Recently, I seem to have been doing this quite regularly.  I write my goals, little or big and try to go over them each and every day.  This is something fairly new to me as I decided to start doing it on a daily basis this year.  You may have noticed if you follow the blog that I have determined that this year will be my year of inner growth.  The last two years or so, I have spent a lot of time gaining knowledge in the property business and actually, I have done well with it.  However, I want to move on to the next level and spending time working on my psyche is definitely the next step for me.

Do you know that success in any field requires you to BE a person that can deal with that success?  We all hear of the lottery winners who get catapaulted to great wealth but then lose it all fairly hastily as it was all too sudden and they were not ready to BE a person of great wealth yet.  Or what of singers, actors whose character is not ready to deal with the fame and wealth suddenly thrust on them, they cave in to drugs, drink, self-harm and more.  The pressure is too much for them to deal with.

These are extreme examples, of course, but how many times have you gone so far towards reaching a certain goal and somehow it all collapses, you do something really silly or you get scared and decide where you are at is sufficient?  If you are like me, then this may have happened to you a few times.  When I was younger, I would have great ideas, great plans but absolutely no follow through.  I knew what I wanted, I even knew how to achieve it and yet, I would either make a start and stop when things got tough or I would just write about it and not actually follow through on anything.

Even now, I know if I allow myself, the great stillness will overtake me and NOT in a good way.

So, each day, I go through my goals, drag up the enthusiasm despite any immediate setbacks, and step on into the new day.  But more than just going over goals, I spend time working on my ‘BE-ing’ as well.  If I do not somehow convince myself that I am worth the effort then at some point, I will give it all up as a bad job and start to create a disaster that I can then blame for my stopping.

day of reflection and contemplationIn my last post, I talked about choosing my thoughts, and I suppose this follows on from that. These days, I take a few seconds each day to start myself in the mirror and remind myself that I am amazing and loved and beautiful.  I tell myself I was created for a reason and because I am Christian, I also firmly believe that Jesus died for me so that I can live a FULL, ABUNDANT life.  He considered ME worth it and so I must be awesome.

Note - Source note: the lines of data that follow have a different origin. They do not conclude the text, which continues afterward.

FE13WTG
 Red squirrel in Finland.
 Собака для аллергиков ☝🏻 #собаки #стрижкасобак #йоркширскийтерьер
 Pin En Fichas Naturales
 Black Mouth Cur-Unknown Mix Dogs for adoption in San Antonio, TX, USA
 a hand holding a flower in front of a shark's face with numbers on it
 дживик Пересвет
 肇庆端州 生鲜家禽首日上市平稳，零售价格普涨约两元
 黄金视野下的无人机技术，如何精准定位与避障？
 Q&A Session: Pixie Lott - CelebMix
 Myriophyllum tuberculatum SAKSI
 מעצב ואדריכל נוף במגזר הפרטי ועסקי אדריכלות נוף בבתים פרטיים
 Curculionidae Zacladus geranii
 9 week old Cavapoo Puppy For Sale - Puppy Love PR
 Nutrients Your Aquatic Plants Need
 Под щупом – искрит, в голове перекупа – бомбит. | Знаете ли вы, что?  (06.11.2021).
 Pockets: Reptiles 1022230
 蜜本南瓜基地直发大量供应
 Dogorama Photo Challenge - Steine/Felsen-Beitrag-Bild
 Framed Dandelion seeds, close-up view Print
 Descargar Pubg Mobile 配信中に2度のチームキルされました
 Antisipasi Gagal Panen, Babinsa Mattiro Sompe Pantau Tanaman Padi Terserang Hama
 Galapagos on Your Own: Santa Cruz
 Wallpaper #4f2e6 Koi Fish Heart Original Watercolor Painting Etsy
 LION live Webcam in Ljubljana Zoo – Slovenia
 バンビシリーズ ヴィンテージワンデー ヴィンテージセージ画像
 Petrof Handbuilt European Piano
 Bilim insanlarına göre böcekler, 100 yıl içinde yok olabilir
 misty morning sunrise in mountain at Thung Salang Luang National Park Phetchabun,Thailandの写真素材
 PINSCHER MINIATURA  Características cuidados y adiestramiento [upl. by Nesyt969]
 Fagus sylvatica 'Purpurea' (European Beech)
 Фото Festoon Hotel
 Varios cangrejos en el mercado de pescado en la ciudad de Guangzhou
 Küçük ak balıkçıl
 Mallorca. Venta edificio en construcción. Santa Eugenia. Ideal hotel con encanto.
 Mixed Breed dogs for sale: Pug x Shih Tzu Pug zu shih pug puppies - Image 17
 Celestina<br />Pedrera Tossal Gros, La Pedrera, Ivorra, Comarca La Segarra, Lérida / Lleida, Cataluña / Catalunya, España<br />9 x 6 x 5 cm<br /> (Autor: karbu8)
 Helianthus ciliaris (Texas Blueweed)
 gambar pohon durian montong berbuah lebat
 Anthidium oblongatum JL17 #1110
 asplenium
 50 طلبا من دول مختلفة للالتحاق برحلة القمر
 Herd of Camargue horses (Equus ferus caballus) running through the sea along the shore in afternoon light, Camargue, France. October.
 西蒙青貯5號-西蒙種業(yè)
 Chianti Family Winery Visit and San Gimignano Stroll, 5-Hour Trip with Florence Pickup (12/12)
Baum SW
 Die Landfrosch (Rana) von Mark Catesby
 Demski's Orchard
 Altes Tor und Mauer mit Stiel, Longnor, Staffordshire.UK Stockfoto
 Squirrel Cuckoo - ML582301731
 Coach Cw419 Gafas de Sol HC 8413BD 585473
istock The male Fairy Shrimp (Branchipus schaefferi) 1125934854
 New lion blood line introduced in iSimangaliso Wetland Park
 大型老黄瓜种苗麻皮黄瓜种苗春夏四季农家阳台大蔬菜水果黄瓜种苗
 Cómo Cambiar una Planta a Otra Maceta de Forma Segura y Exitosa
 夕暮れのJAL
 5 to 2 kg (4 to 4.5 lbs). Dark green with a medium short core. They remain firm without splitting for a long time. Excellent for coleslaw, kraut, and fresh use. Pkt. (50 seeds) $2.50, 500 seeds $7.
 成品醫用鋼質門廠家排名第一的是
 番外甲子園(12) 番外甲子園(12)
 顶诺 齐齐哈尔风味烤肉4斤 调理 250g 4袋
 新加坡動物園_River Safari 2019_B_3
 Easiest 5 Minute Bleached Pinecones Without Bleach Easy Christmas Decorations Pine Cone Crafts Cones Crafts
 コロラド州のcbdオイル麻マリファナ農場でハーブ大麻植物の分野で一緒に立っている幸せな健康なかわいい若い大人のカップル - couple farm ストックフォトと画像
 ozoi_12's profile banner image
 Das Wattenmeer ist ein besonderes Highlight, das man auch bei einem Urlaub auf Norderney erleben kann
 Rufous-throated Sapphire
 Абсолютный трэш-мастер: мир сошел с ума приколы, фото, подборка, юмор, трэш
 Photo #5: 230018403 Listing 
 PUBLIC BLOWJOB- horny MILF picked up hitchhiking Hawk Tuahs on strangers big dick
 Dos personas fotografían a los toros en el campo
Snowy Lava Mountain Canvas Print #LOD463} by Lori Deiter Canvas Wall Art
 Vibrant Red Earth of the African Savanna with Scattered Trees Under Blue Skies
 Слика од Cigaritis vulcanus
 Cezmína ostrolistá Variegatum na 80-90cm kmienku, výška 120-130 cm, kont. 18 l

Now, you may not be a Jesus follower, that’s irrelevant as I know on your behalf that He made the same sacrifice for you so you too therefore are truly amazing.  So many of us have lived a life feeling we were just not good enough.  We may have been told that and somehow it has become our truth,  I would suggest that you spend sometime looking yourself in the eye and with emotion, say to yourself “I AM GREAT! I AM BEAUTIFUL, I AM POWERFUL”.  Keep saying it on a daily basis until you start to believe it and then carry right on until it becomes your new truth.

Anyway, enough for now.

Today was certainly a day of reflection and contemplation for me and I hope it was fruitful for you too.